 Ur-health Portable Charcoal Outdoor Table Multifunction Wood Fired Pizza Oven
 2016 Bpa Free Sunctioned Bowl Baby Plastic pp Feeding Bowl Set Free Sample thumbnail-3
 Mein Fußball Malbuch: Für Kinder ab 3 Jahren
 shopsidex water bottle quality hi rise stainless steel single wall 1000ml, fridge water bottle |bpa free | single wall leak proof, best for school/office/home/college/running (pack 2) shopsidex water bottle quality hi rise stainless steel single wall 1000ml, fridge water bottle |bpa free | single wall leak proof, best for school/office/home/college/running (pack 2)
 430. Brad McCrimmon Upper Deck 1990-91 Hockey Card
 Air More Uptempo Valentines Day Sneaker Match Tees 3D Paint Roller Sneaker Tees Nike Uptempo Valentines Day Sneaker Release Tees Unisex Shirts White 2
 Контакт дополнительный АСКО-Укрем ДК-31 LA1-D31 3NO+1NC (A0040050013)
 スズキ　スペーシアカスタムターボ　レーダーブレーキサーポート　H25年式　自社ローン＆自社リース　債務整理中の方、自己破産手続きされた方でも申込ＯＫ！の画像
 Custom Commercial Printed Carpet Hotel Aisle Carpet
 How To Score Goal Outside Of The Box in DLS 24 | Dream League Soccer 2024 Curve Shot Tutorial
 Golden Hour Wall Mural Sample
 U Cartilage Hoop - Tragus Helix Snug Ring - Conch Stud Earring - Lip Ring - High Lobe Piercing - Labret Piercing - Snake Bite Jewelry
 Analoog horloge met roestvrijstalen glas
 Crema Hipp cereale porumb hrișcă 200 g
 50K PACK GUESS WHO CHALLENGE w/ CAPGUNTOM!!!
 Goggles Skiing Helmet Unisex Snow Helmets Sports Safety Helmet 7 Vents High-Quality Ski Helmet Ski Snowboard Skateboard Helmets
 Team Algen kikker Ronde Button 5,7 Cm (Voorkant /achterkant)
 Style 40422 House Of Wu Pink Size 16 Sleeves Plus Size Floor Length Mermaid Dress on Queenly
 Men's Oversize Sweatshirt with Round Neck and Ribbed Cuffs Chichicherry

INSTRUCTIONS TO FOLLOW ->
The answer must be the lines from the one containing "Analoog horloge met roestvrijstalen glas" through the last line of the records, copied exactly, with nothing else.

THE COMPLETED TASK ->
 Analoog horloge met roestvrijstalen glas
 Crema Hipp cereale porumb hrișcă 200 g
 50K PACK GUESS WHO CHALLENGE w/ CAPGUNTOM!!!
 Goggles Skiing Helmet Unisex Snow Helmets Sports Safety Helmet 7 Vents High-Quality Ski Helmet Ski Snowboard Skateboard Helmets
 Team Algen kikker Ronde Button 5,7 Cm (Voorkant /achterkant)
 Style 40422 House Of Wu Pink Size 16 Sleeves Plus Size Floor Length Mermaid Dress on Queenly
 Men's Oversize Sweatshirt with Round Neck and Ribbed Cuffs Chichicherry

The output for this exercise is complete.